In/Visible: Nuclear Representation in Japan from Hiroshima to Fukushima
The East Asia Library is pleased to announce the installation of a new exhibit in its entrance hall display cases entitled "In/Visible: Nuclear Representation in Japan from Hiroshima to Fukushima." The exhibit was curated by Dr. Kyoko Sato, Associate Director of Stanford's Program in Science, Technology, and Society (STS), with the help of Joshua Capitanio, Public Services Librarian, and Regan Murphy Kao, Japanese Studies Librarian.

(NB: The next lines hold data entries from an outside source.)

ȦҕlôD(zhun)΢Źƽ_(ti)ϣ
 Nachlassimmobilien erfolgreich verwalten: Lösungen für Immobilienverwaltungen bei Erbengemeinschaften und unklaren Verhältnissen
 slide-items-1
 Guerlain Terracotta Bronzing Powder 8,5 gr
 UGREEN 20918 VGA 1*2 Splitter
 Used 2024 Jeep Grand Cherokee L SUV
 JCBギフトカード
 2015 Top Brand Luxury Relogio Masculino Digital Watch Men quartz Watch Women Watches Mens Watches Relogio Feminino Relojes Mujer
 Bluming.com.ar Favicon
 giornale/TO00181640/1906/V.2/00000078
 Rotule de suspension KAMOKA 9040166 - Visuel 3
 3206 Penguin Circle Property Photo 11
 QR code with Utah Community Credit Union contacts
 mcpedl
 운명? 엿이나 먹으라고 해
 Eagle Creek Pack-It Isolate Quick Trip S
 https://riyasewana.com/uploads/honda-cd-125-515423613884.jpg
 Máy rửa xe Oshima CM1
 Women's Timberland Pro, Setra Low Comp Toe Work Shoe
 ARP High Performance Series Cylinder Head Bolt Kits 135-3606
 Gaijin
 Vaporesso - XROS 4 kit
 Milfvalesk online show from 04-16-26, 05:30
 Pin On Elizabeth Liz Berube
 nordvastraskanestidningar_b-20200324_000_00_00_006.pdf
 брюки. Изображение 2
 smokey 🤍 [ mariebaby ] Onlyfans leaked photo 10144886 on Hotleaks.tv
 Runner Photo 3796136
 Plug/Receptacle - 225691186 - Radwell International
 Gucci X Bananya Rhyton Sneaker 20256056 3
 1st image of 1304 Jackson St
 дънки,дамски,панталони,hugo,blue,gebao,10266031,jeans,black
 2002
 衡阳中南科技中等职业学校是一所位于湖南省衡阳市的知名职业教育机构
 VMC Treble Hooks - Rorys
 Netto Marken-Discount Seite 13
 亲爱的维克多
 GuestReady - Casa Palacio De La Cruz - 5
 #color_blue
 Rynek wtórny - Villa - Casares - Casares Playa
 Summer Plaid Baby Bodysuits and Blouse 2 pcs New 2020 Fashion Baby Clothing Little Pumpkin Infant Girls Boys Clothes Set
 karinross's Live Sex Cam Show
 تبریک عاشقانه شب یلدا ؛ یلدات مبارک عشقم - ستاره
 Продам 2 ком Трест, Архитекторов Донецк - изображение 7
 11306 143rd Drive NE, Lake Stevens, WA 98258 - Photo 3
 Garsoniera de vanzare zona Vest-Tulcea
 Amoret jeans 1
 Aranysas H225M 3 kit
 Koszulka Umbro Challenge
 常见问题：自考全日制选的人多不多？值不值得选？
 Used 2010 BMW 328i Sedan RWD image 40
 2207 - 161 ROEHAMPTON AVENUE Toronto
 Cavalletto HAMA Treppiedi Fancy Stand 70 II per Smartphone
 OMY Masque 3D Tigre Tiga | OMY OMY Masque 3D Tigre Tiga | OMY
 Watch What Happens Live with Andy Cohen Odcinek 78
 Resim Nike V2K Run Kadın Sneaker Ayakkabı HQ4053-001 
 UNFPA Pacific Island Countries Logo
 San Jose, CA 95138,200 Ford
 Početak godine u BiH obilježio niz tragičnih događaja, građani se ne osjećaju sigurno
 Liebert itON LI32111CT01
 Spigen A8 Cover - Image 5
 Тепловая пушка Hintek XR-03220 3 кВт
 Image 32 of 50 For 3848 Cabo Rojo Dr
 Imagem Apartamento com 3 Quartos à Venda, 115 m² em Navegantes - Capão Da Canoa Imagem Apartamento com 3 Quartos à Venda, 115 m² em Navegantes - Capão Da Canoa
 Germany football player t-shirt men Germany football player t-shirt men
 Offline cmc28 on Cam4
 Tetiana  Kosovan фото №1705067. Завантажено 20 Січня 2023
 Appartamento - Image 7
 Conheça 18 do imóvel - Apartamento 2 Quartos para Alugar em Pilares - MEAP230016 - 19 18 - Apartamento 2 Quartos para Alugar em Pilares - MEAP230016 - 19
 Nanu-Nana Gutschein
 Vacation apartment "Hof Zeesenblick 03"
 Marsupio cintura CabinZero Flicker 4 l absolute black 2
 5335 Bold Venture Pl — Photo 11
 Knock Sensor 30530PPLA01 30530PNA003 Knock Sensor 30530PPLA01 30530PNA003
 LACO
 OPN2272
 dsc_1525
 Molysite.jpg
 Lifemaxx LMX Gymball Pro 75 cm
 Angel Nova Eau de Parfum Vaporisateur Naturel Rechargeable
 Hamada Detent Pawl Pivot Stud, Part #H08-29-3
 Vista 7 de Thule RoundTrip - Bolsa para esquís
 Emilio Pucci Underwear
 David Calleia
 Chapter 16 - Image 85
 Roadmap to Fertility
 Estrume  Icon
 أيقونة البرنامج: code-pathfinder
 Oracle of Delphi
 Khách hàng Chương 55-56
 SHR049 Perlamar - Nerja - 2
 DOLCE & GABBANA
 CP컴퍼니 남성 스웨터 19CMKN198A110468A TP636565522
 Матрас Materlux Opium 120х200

Using a wide range of materials from the East Asia Library and other Stanford Libraries collections, including comic books, photography, children's books, newspapers, and movie posters, it traces the different ways that "the nuclear" - nuclear bombs, nuclear power, and nuclear disasters - has been represented in Japanese media and popular culture from the 1945 atomic bombings at Hiroshima and Nagasaki to the 3-11 Fukushima Daiichi Power Plant nuclear disaster of 2011 and beyond. Topics covered range from the Japanese media's portrayal and marginalization of the hibakusha - survivors of the 1945 bombings, many of whom suffered serious health issues - to the rise of nuclear power plants in Japan in the 1960s and 1970s, to the Fukushima disaster and the contentious debate about the safety of nuclear power in its aftermath.